Youth, talent, hard work, and enthusiasm are no match for old age and treachery.

  • Member since
    November 2005
Posted by Anonymous on Tuesday, October 10, 2006 3:11 PM

Afternoon, John.  I'll get a couple of details tomorrow and send the name but I believe it was Mr Woodman who said "never."  It's a term I avoid rigorously!  I also have some info that indicates that the Admiralty Board seemed to mandate models from the designers or shipwrights.  More on that, also.  Now to Mr. Hightower's successor... I'd like to talk one-on-one about his rather early departure (December first) but that's a matter for a later private correspondence.  His successor is none other than Mr Timothy Sullivan, late of William and Mary.  Sullivan's stock is very high roundabouts and I have great hopes for his success in this new world.  Remember the Monitor Center opens next March.  ALSO OF NOTE>>> you lamented the fact in an earlier email that you had labeled Crabtree's brig incorrectly as it is a snow.  Last week I was at the Peabody-Essex (Salem-Peabody or whatever) and took special note of a vessel named Rising States, a privateer from Massachussetts.  You may know it from late 18C. Captured by HMS Terrible in 1777.  The estimable museum calls it a brigantine.  It is clearly a snow and the trysail mast is quite heavy on this model.  Even has footropes on the main yard (cro'jack?).  Thought this would interest you, Doctor.

Best, as ever,

Ron

  • Member since
    May 2003
  • From: Greenville, NC
Posted by jtilley on Wednesday, October 11, 2006 11:47 PM

Is that Harry Woodman, Ron?  If so, I fear he's out of his depth.  He's one of the finest aircraft modelers around, and his twentieth-century warships are beautiful, but I'm not aware that he's ever gotten seriously involved in sailing ship models.  In any case, you're quite right:  "never" is a dangerous word, and certainly wrong in this particular case.

There's no doubt whatever that the Royal Navy of the seventeenth and eighteenth centuries was in the habit of buying ship models.  The question is:  why?  The best, most knowledgeable discussion of the topic I've encountered is in the book Ship Models:  Their Purpose and Development From 1650 to the Present, by Brian Lavery and Simon Stephens (London:  Zwemmer, 1995).  Both authors work at the National Maritime Museum of Greenwich, the former as Curator of Ship Technology and the latter as Curator of the Ship Model Collection.  Here are a few quotes:

pp.11-12:  "It used to be assumed that the superbly constructed 'Navy Board' style models of the seventeenth and eighteenth centuries...were used in the design and building of ships.  According to Geoffrey Callender 'once a model of this kind had received the seal of royal approval, nothing more was necessary than to muliply every measurement by sume such figure as 48 or 54; and the result was a Royal Prince or a Sovereign of the Seas exacting from the mirror of the ocean the reflected homage of gilded majesty.'  The impression has been reinforced by the well-known model in the Science Museum showing Charles II and the Admiralty Board inspecting a model of a three-decker, and by John Seymour Lucas's painting A New Whip for the Dutch showing the Navy Board engaged in a similar activity.  But these are products of modern imagination....[Point of clarification:  the Admiralty Board was in charge of such things as officer promotions and the movements of the fleet; the Navy Board was in charge of materiel, including ships.]

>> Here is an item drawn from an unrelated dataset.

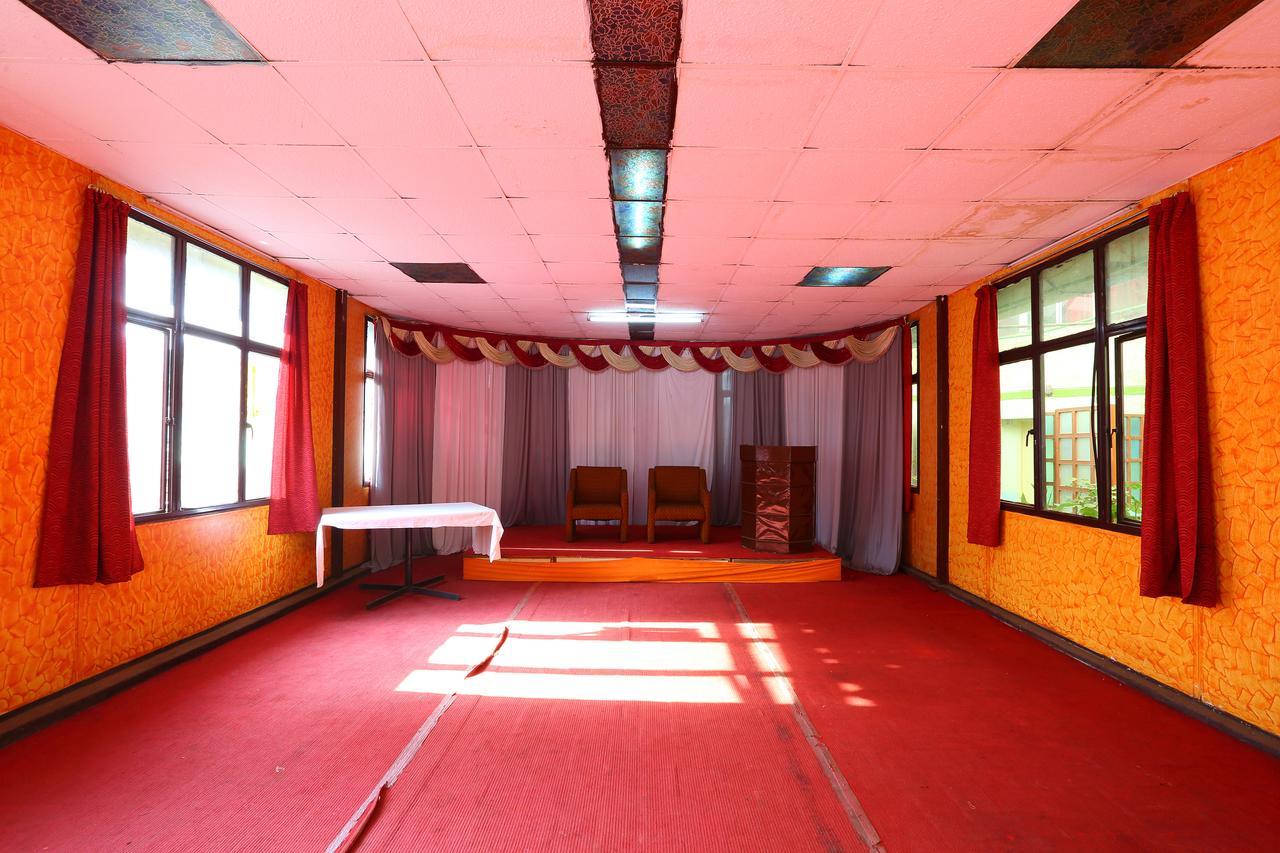 Hotel Charring Cross Ooty Buitenkant foto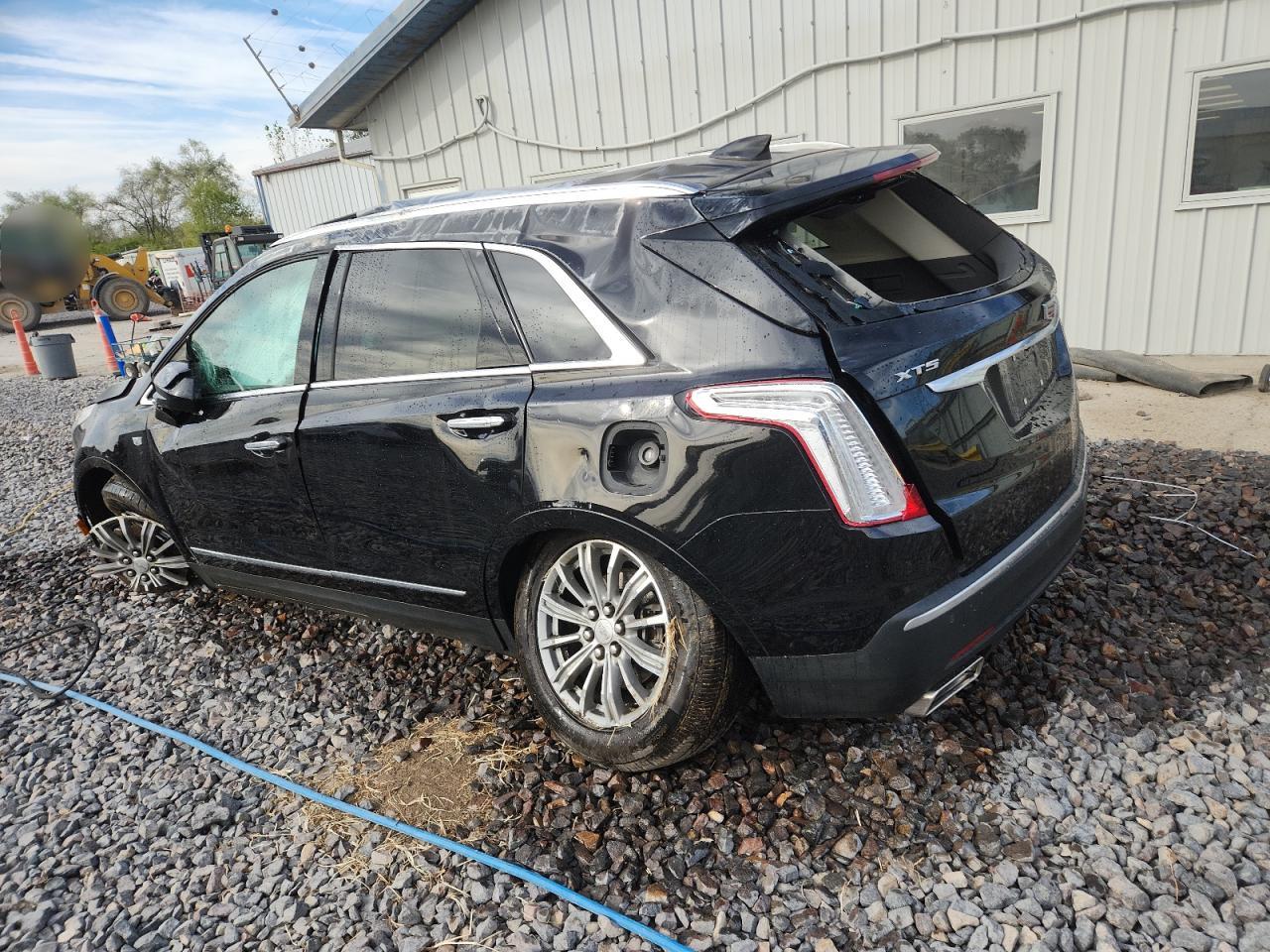 CADILLAC XT5 LUXURY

"...we must ask how long the models might have taken to build and whether they would really be useful at a time when layout and features were standard.  In both 1677 and 1706 no radical changes were proposed, beyond a small increase in breadth, compeared with shps already built.  A Navy Board model would be an expensive, slow and ineffective way of making this point.  Such a model probably took several years to make and no-one could afford to wait as long as that before beginning the ship.  Despite Pepys's extensive records of discussions on the 1677 ships no mention of models has been found, nor is there any in connection with the 1706 establishment of dimensions.

"It has also been suggested that a model would have been made at the same pace as the shiop itsef, allowing officials to inspect the model and make plans for the next stage.  This is an interesting theory and it might explain why there is so much internal detail in some models, but otherwise no evidence has been discovered so far...."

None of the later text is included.